17/05/2019
Sui confini degli errori formali anche l’Agenzia va in confusione
C’è davvero qualcosa che non torna nella circolare 11/E/2019 delle Entrate sulla sanatoria delle irregolarità formali.

Si è già riportato (si veda «Il Sole 24 Ore» di ieri) che non si può affermare che violazioni come quelle relative allo spesometro e alla comunicazione della liquidazione periodica Iva siano da considerarsi «formali» solamente quando l’imposta è stata assolta regolarmente. Che cosa vuol dire? Se, ad esempio, un contribuente in sede di liquidazione periodica non versa l’imposta dovuta, risulta sanzionato in base all’articolo 13 del decreto legislativo 471/1997, con una penalità (ordinariamente 30%) relativa certamente ad una violazione di tipo sostanziale. Ma il fatto che la comunicazione di sintesi della liquidazione sia stata presentata regolarmente o meno non ha proprio alcun nesso con il fatto che l’imposta non sia stata versata.
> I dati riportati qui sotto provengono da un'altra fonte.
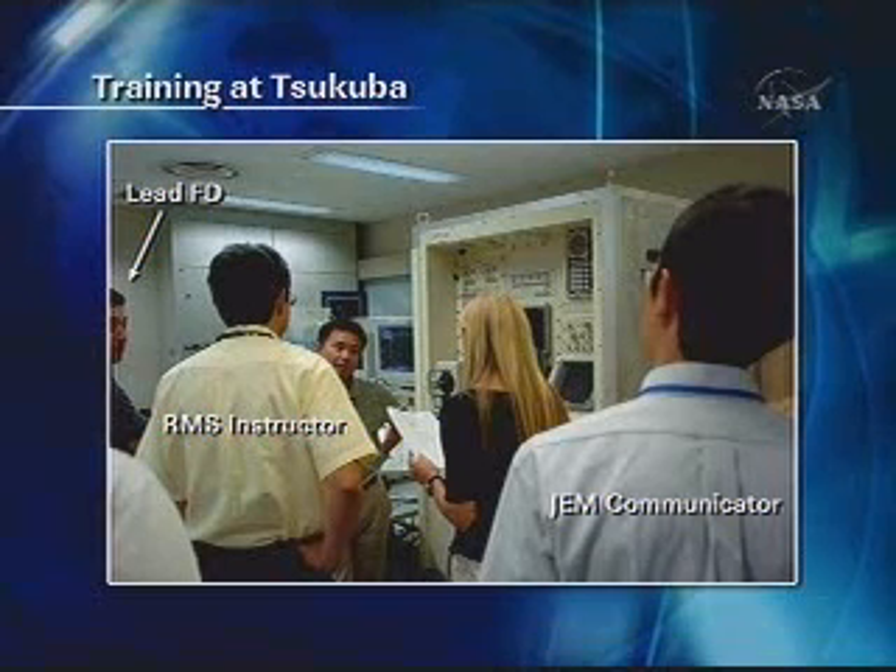Crew training for the selected Kibo tasks has been provided in Japan, as shown in the picture. Karen Nyberg and Akihiko Hoshide had training at the remote manipulator console at Tsukuba Space Center. Expedition crew Garrett Reisman and Greg Chamitoff also received similar training as well. Akihiko Hoshide will be the first Japanese astronaut to operate the Canadarm-2 SSRMS and will install the pressurized module at the port side of Harmony on flight day four.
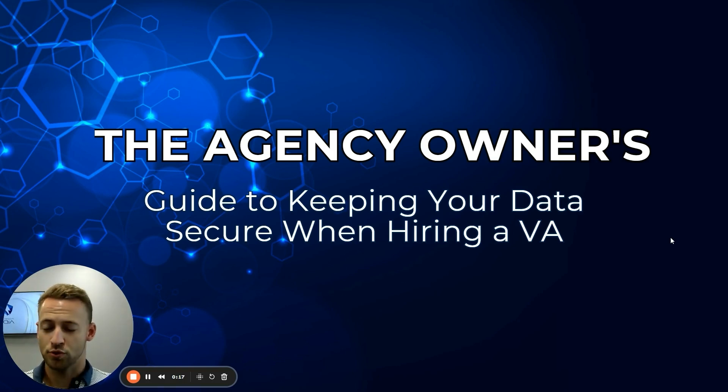In this video, we're going to go through the agency owner's guide to keeping your data secure when hiring a virtual assistant. Obviously, lots of great things happen when you have a VA, but you've got to make sure that you're staying compliant, making sure that you're keeping up with all of your E&O exposures and keeping your client data as secure as possible.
Lo stesso principio vale se il contribuente non ha emesso una fattura e magari non ha riportato correttamente nella comunicazione di sintesi della liquidazione periodica tutti i dati richiesti (certamente non quelli della fattura non emessa). Che nesso hanno le due cose?
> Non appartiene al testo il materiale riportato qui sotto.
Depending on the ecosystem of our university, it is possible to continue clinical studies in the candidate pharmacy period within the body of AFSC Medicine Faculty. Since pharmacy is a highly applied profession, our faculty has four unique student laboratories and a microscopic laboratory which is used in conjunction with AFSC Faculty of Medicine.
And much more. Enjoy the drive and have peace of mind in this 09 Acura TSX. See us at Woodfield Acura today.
L’insostenibilità delle tesi dell’agenzia delle Entrate risulta acuita dai chiarimenti forniti in relazione alla violazione per l’omessa regolarizzazione da parte del cessionario/committente della fattura non ricevuta (o ricevuta irregolarmente), in base all’articolo 6, comma 8 del Dlgs 471/1997. Nella circolare 11/E si afferma che, sebbene il responsabile del debito d’imposta risulti il cedente/prestatore, la mancata regolarizzazione da parte del cessionario/committente non può essere considerata violazione di tipo formale. Il fatto è che nelle risposte della videoconferenza del 7 maggio è stato invece espressamente affermato che «la violazione di cui si tratta rientra nell’ambito di applicazione della definizione agevolata delle violazioni formali». Ma non solo. Nella circolare 10/E sempre dell’altro ieri – relativa alle risposte sulla definizione delle liti pendenti di cui all’articolo 6 del Dl 119/2018 – viene precisato che la sanzione di cui all’articolo 6, comma 8 del Dlgs 471/1997, relativa, appunto, all’omessa regolarizzazione della fattura da parte del cessionario/committente, è da considerarsi «sanzione non collegata al tributo». Quindi definibile in base alla previsione del comma 3 dell’articolo 6 del Dl 119/2018.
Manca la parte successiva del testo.